The FED does turn over some of it's profits back to the US government. This amounts to about 50 billion dollars annually. However due to the money the US owes the FED, it probably doesn't amount to a real profit or if it does it only a very minuscule profit on the total amount of money created (m3). Lately, the Banks have been purchasing T-Bills directly from the US government bypassing the FED altogether. That means even bigger profits for the Banks and bigger debt for the US government.

US Government --- $10,000 T-Bills--> Mega Bank ---$100,000 Loan --> US Citizen
US Government --- $20,000 Interest --> Mega Bank<--$200,000 Interest --- US Citizen

The reality of this system is that Mega Banks are not hurt when you default on your mortgage. Since they created 90% of the money out of thin air, and only borrowed 10c on the 1$, that means that when you default on your mortgage and they repo your house and sell it for 60c on the $1, they still made 40c and all the interest which they collect up front on an amortized loan. So, on a $10,000 initial investment they are collecting upwards of $220,000. What hurt banks in this latest economic downturn was the Banks and Communities buying or debt swapping CDO/Mortgaged Backed Derivatives instead of AAA Municipal or Corporate Bonds. Instead of the 4% interest on a Corporate Bond the Goldman Sachs CDO was promising 6%. Instead the toxic CDO derivatives became worthless and all that money went into the pockets of Goldman Sachs who was shorting the very same CDOs they were selling. Without financial reserves, the banks couldn't lend and couldn't do business and if they were not a FED member, didn't get bailout money.

So, how to fix this. Ending the FED is not enough. Again, the problem is not the FED alone. The instrument of death and destruction is the fractional-reserve banking system and the amortized mortgage. If you just simply end the FED, the Mega Banks will still be creating all the money and earning obscene profits while bankrupting the US government. What needs to be done is what Nobel Laurette Milton Freedman said, which was to switch to Full-Reserve Banking. We need to stop voluntarily giving the gold to the bad guys. We are responsible for funding all the evil these globalists/communists do. Every time we think, the price of my house is going to go up and that means more equity and profits for me is failing to think of the next buyer. How is the next buyer going to afford that same house which is 5 years older yet $30,000 more expensive?

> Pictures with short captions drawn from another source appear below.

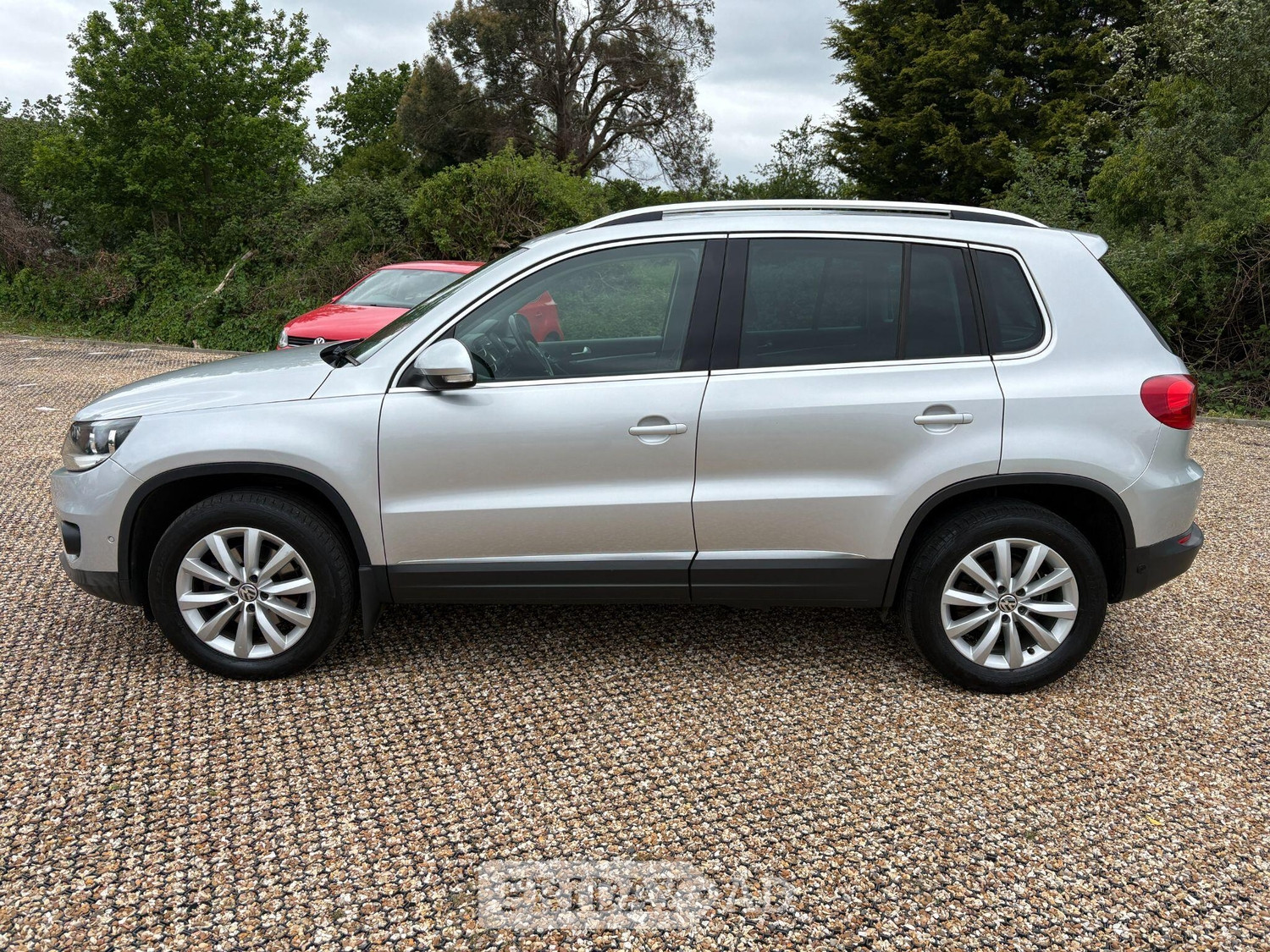 Volkswagen Tiguan 2015 - Cars in Fleet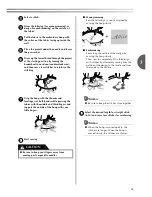 Preview for 37 page of Brother LX-3125 Operation Manual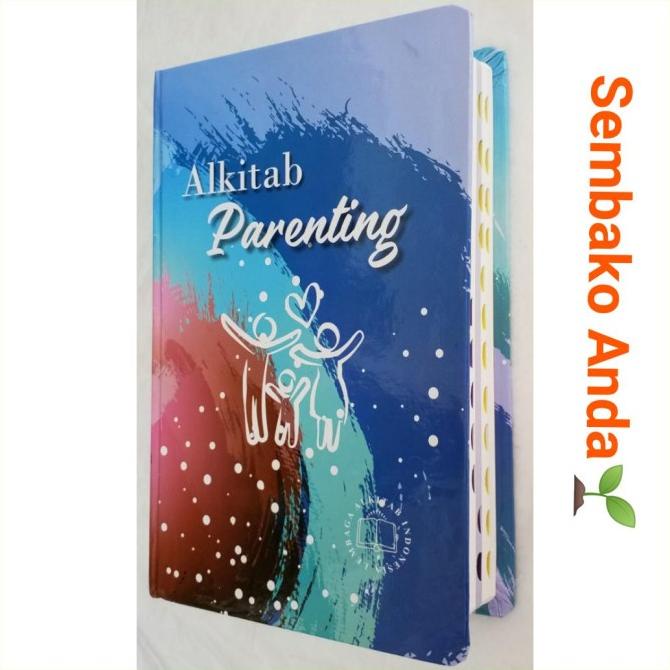 Baru Alkitab Parenting. Kristen. Lai Tb 063 Ti.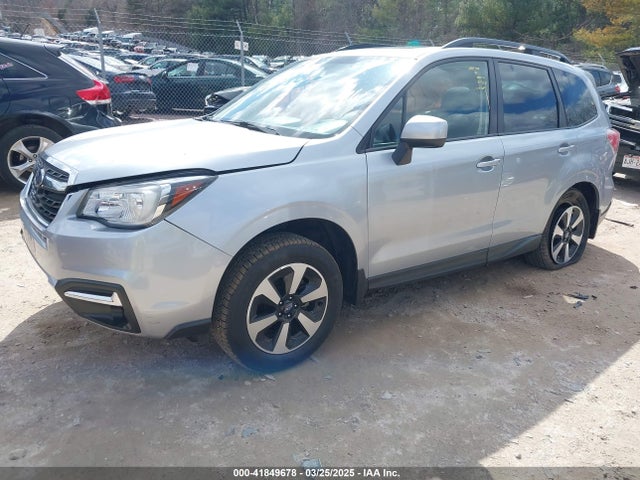 JF2SJAGC1JH406224 Subaru Forester 2.5i Premium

Instead, what if state and community banking institutions were non-profit. What is they just charged an administrative fee for the loans they services just like local banks do today. Then these banks could go to the US Treasury and borrow money based on ability to repay, and then lend that money to the individual borrower. But instead of lending, the bank could purchase the prosperity or asset together with the borrower who brings 10% down. Then the borrower would make monthly payments and pay down the principle on the loan with each payment until the borrower became 100% owner and the debt obligation was paid in full. The borrower could be late on a payment but then would loose equity in the asset. The asset would not be repossessed by the bank until the borrower had missed enough payments such that he became completely divested from the asset of property. In other terms, missed payments end up getting deducted from the equity as rent. Any profits or losses in the value of the asset are the sole responsibility of the borrower, and the borrower has all rights to control, sell, rent, sub-let the asset until they have have paid 100% of the loan, or have lost all equity in the asset and the asset becomes the sole property of the bank.

In this system the US government could earn a small fee on all the money created in the economy and not just a fraction of it. And states and companies and individuals could borrow all the money they could possibly need at any time based on their ability to repay the loan.